WHAT IS EXPECTED:
Below this line is a set of entries; quote exactly the lines from the line that contains "Volkswagen Tiguan 1.5" to the line that contains "Hochzeitsfotos - Berufsfotograf", both lines included.

DATA EXCERPTS:
[Start of section]

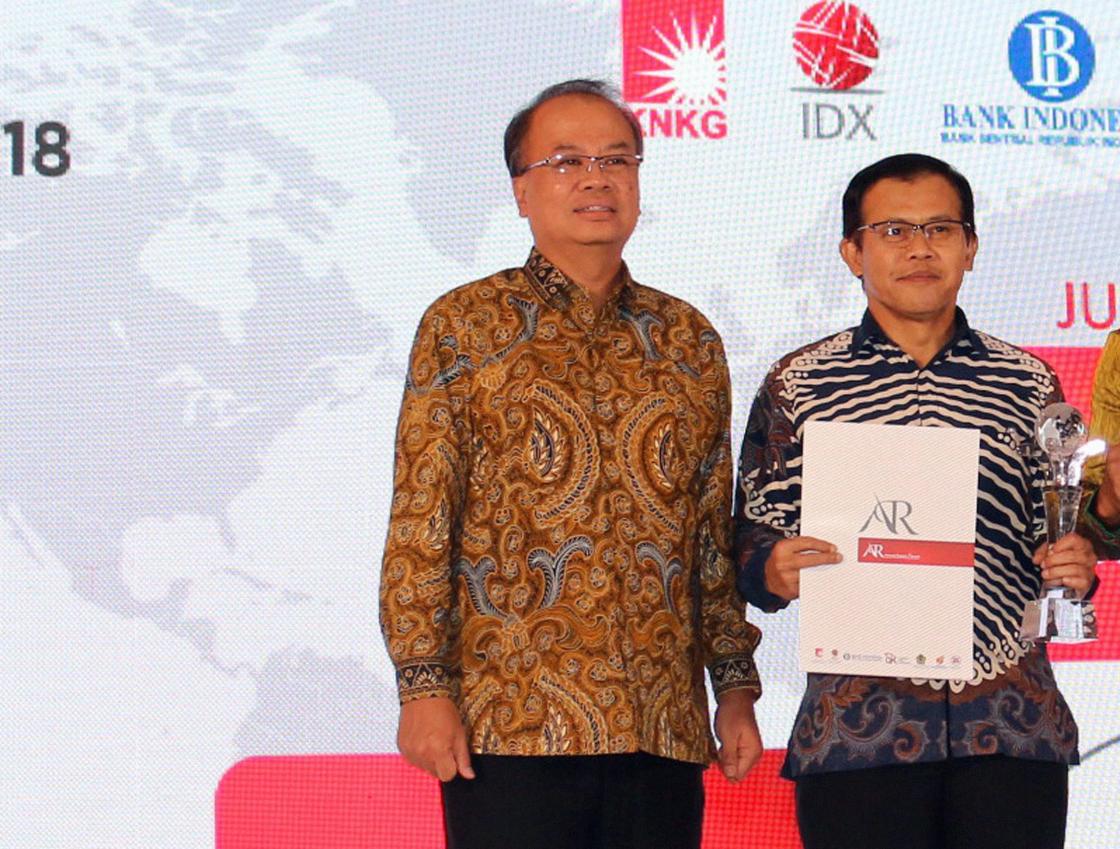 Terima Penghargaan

[End of section]
[Start of section]

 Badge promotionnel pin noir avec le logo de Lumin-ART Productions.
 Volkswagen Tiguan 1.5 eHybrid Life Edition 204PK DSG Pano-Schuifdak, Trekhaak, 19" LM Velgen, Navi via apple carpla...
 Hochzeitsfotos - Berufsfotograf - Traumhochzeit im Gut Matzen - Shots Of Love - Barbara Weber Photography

[End of section]
[Start of section]

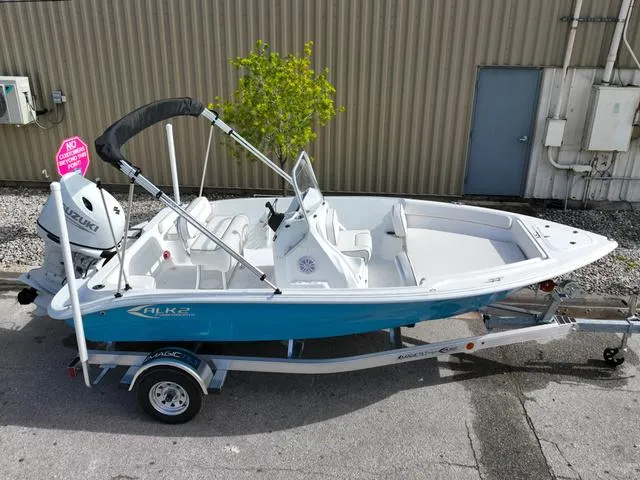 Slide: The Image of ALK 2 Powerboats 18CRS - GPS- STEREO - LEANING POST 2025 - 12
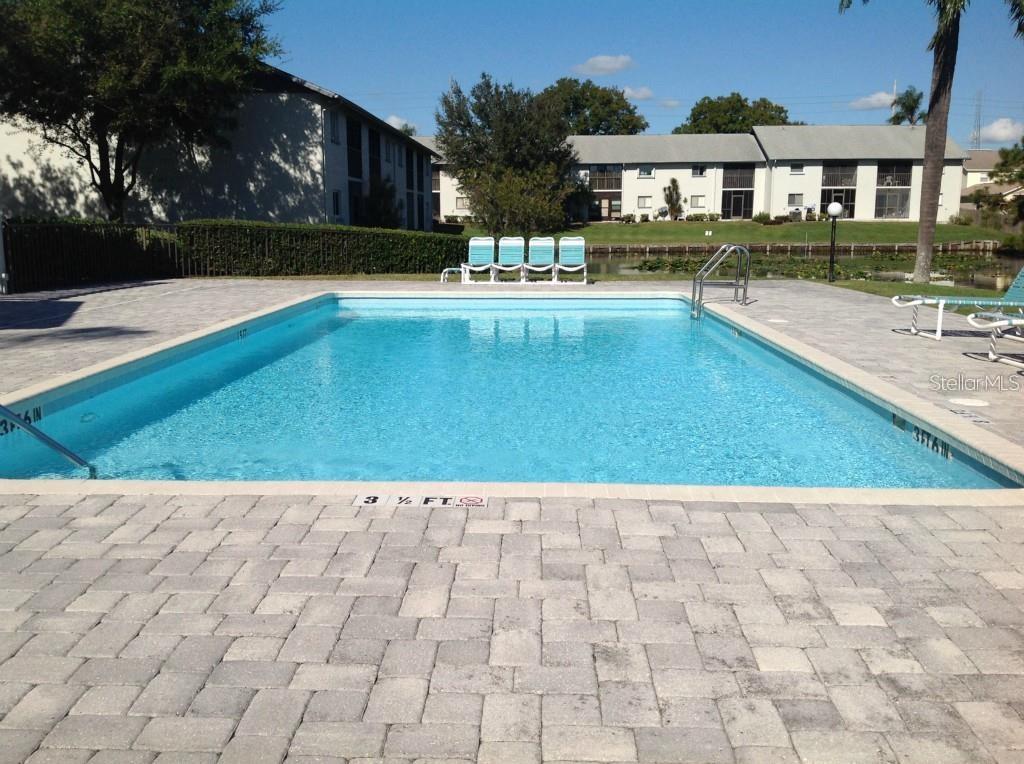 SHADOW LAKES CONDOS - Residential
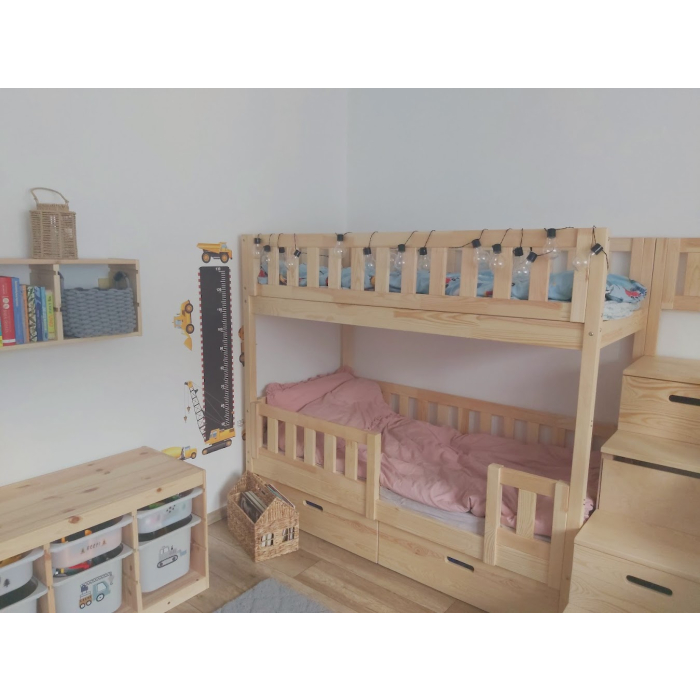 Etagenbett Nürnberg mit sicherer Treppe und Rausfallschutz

[End of section]

SOLUTION:
 Volkswagen Tiguan 1.5 eHybrid Life Edition 204PK DSG Pano-Schuifdak, Trekhaak, 19" LM Velgen, Navi via apple carpla...
 Hochzeitsfotos - Berufsfotograf - Traumhochzeit im Gut Matzen - Shots Of Love - Barbara Weber Photography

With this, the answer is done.